Your output should be the lines from the start of the data through the line containing "Product image 132", exactly and nothing more.

Start of Block

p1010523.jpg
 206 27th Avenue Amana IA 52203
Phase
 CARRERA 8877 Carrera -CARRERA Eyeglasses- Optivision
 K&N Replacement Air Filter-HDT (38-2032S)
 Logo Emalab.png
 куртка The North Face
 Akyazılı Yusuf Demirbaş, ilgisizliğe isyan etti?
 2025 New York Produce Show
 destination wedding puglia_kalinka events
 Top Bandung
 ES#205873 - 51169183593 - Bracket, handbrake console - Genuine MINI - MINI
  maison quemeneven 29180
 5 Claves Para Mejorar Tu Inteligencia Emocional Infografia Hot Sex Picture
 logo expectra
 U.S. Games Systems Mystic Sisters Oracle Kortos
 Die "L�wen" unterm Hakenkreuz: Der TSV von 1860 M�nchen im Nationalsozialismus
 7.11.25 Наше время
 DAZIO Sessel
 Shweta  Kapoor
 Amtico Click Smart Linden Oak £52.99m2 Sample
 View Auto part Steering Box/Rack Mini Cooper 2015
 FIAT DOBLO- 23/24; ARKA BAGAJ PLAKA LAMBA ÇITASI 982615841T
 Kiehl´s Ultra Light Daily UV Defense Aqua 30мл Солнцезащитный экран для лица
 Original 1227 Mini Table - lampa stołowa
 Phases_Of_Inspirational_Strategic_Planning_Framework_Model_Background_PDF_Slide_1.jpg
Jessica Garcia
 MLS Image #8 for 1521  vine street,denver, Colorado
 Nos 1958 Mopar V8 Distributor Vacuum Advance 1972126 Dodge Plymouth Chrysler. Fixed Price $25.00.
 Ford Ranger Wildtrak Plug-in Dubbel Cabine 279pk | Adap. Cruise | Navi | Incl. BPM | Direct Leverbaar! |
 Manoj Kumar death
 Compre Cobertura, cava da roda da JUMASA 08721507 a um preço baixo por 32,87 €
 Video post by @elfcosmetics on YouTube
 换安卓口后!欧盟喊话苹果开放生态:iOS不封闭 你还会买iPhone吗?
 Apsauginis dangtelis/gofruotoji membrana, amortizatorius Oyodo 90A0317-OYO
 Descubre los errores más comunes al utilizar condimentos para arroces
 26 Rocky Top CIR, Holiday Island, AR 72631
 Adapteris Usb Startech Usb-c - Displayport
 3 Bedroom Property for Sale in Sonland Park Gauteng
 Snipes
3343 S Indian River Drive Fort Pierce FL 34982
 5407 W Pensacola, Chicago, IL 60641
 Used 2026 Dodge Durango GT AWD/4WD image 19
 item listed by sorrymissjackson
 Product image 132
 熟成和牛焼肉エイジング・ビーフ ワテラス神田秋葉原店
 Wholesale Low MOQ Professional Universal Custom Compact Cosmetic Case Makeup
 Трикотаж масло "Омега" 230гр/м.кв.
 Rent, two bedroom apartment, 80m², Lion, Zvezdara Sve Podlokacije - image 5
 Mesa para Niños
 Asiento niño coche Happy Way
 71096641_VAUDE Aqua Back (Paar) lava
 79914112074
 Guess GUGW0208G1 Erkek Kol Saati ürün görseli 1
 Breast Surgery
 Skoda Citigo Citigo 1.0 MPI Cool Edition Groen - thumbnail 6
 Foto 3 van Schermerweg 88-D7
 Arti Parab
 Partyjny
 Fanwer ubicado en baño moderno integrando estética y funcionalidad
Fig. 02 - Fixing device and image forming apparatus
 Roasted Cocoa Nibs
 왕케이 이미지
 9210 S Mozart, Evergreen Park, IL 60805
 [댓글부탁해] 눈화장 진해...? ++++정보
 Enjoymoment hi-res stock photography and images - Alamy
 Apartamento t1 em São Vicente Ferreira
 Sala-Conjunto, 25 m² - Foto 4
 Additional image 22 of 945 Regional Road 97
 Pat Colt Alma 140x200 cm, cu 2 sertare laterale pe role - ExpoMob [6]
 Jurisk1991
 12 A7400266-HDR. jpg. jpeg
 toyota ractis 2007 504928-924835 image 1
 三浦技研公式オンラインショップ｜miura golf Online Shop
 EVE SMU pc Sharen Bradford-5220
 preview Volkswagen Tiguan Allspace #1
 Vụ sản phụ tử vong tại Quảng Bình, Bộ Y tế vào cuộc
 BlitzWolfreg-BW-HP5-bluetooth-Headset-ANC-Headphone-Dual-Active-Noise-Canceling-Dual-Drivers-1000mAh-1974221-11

End of Block

* [SOLVED PROBLEM]:
p1010523.jpg
 206 27th Avenue Amana IA 52203
Phase
 CARRERA 8877 Carrera -CARRERA Eyeglasses- Optivision
 K&N Replacement Air Filter-HDT (38-2032S)
 Logo Emalab.png
 куртка The North Face
 Akyazılı Yusuf Demirbaş, ilgisizliğe isyan etti?
 2025 New York Produce Show
 destination wedding puglia_kalinka events
 Top Bandung
 ES#205873 - 51169183593 - Bracket, handbrake console - Genuine MINI - MINI
  maison quemeneven 29180
 5 Claves Para Mejorar Tu Inteligencia Emocional Infografia Hot Sex Picture
 logo expectra
 U.S. Games Systems Mystic Sisters Oracle Kortos
 Die "L�wen" unterm Hakenkreuz: Der TSV von 1860 M�nchen im Nationalsozialismus
 7.11.25 Наше время
 DAZIO Sessel
 Shweta  Kapoor
 Amtico Click Smart Linden Oak £52.99m2 Sample
 View Auto part Steering Box/Rack Mini Cooper 2015
 FIAT DOBLO- 23/24; ARKA BAGAJ PLAKA LAMBA ÇITASI 982615841T
 Kiehl´s Ultra Light Daily UV Defense Aqua 30мл Солнцезащитный экран для лица
 Original 1227 Mini Table - lampa stołowa
 Phases_Of_Inspirational_Strategic_Planning_Framework_Model_Background_PDF_Slide_1.jpg
Jessica Garcia
 MLS Image #8 for 1521  vine street,denver, Colorado
 Nos 1958 Mopar V8 Distributor Vacuum Advance 1972126 Dodge Plymouth Chrysler. Fixed Price $25.00.
 Ford Ranger Wildtrak Plug-in Dubbel Cabine 279pk | Adap. Cruise | Navi | Incl. BPM | Direct Leverbaar! |
 Manoj Kumar death
 Compre Cobertura, cava da roda da JUMASA 08721507 a um preço baixo por 32,87 €
 Video post by @elfcosmetics on YouTube
 换安卓口后!欧盟喊话苹果开放生态:iOS不封闭 你还会买iPhone吗?
 Apsauginis dangtelis/gofruotoji membrana, amortizatorius Oyodo 90A0317-OYO
 Descubre los errores más comunes al utilizar condimentos para arroces
 26 Rocky Top CIR, Holiday Island, AR 72631
 Adapteris Usb Startech Usb-c - Displayport
 3 Bedroom Property for Sale in Sonland Park Gauteng
 Snipes
3343 S Indian River Drive Fort Pierce FL 34982
 5407 W Pensacola, Chicago, IL 60641
 Used 2026 Dodge Durango GT AWD/4WD image 19
 item listed by sorrymissjackson
 Product image 132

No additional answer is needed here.